Het is nog wonderlijker omdat we eigenlijk wel degelijk allerlei details lijken te onthouden. Wanneer twee mensen met elkaar praten hebben ze na afloop heel subtiele details in hun uitspraak op elkaar afgestemd. Sommige taalkundigen gaan ervan uit dat dit komt doordat we alles opslaan. Iedere keer als je een woord uitspreekt, oriënteer je je op alle eerdere keren dat je dat woord gehoord hebt, en zoekt een soort gemiddelde. Maar tegelijkertijd onthoud je dus de inhoud van het gezegd op een abstracte en onvolmaakte manier – zodat je het wanneer je het bewust probeert te reproduceren alleen kunt reconstrueren.

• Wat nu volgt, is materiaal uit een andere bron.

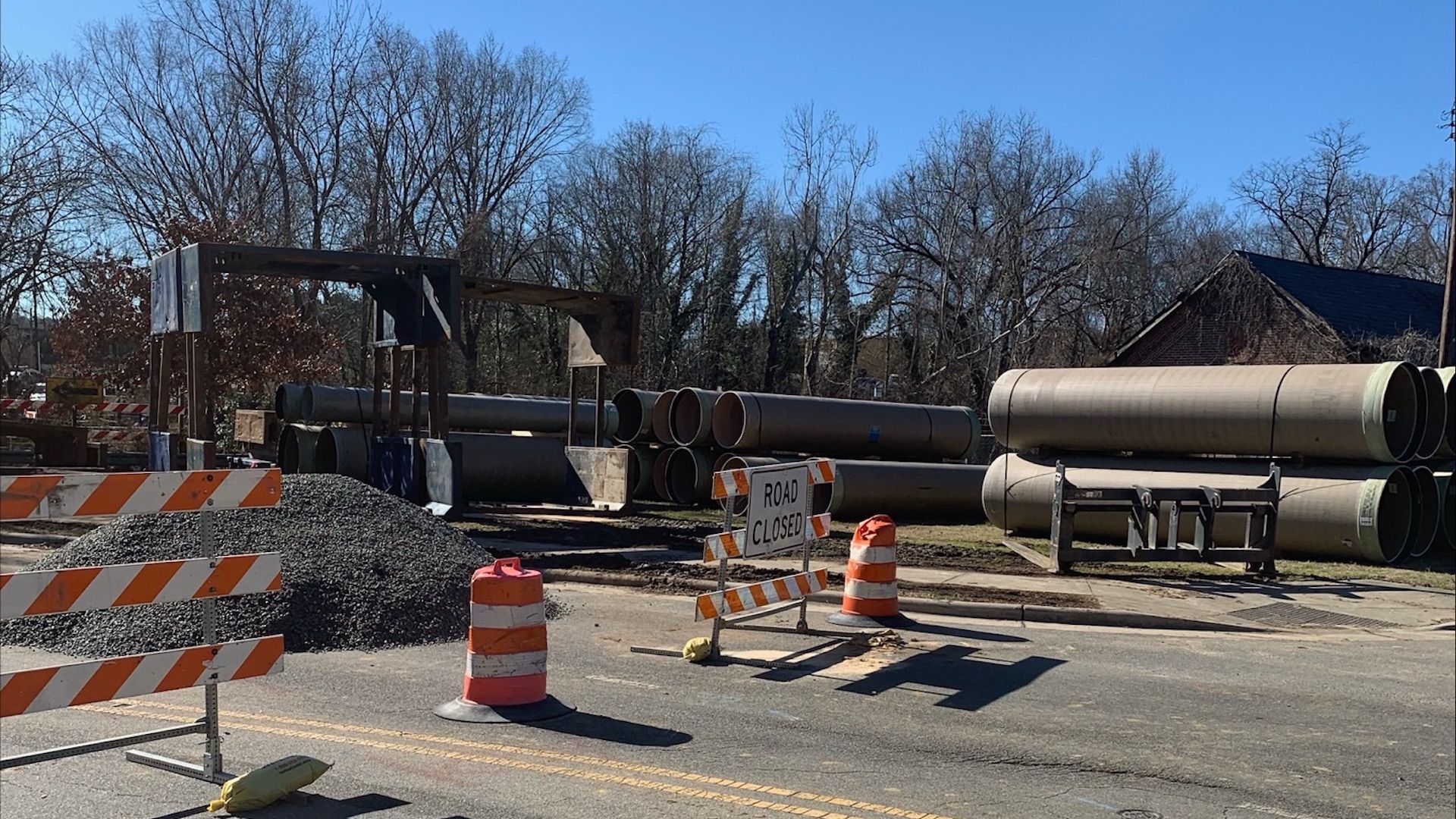 Metal pipes on asphalt road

Ingmar Roerdinkholder zegt
Ik denk dat ik wel weet wat die meneer zonder hoofd met vlinderdasje bedoelde met het weglaten van de r in bv. "mevoi".

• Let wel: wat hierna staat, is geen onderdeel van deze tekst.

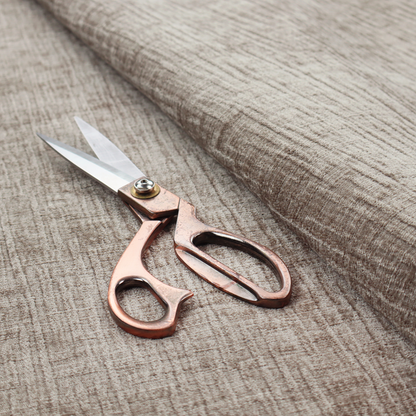 A textured upholstery fabric in a neutral taupe or greige colour. The material features a distinctive cross-hatched slub texture with subtle vertical and horizontal ridges, creating a soft, dimensional chenille finish.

Evenmin als de r meestal echt wordt weggelaten op het einde van een woord in bv. koo(r), niet mee(r) hoo(r)t maar er hier een
soort aardappel in de keel r als in het Duits of Brits klinkt, kan (of beter: kon) in de bekakte of quasi bekakte uitspraak de
r ook na een medeklinker op die manier worden geproduceerd. Dus inderdaad, rook kon geen ook worden, maar broek wel bhoek.
"Mevhoi" was de stereotype butler uitspraak voor mevrouw, waarschijnlijk zegt Joost van Olivier B. Bommel dit ook zo. Of Markies de Canteclaer van Barneveldt.
Even terzijde: mij is al heel lang opgevallen dat de Arabische letter 'ayn ongeveer net zo klinkt als de Duitse finale r.
Deze kan ook voor en klinker worden uitgesproken, bv. in het woord 'ayn zelf, dat oog betekent. Deze klank wordt in de Latijnse transcriptie van het Arabisch vaak weergegeven door een soort omgedraaide apostrof of een kleine, hooggeplaatste c. In het Somalisch gewoon door een c, en in het Maltees door gh met en streepje door de h. Beide laatste talen gebruiken een Latijns alfabet.
Ingmar zegt
Sorry, ik heb gereageerd op het verkeerde stukje! Ik wilde gisteravond een opmerking maken bij het toen bovenste stukje
De perfecte uitspraak van de r, maar daar was de reactie mogelijkheid uitgeschakeld. En nu opende ik vanochtend gewoon blindelings weer het bovenste stukje en zag dat je hier wel een opmerking kon plaatsen 😉
Ingmar Roerdinkholder zegt
Volgens mij is er nog altijd regionaal verschil tussen …dat hij mij heeft gezien en …dat hij mij gezien heeft (rode en groene volgorde). In het noorden, met name ook Friesland, hoor je veel vaker gezien heeft (groen). In Drenthe is er naar mijn eigen ervaring zelfs verschil tussen het noorden en zuiden van die provincie, waar noord gezien heeft zegt en zuid vaker allebei.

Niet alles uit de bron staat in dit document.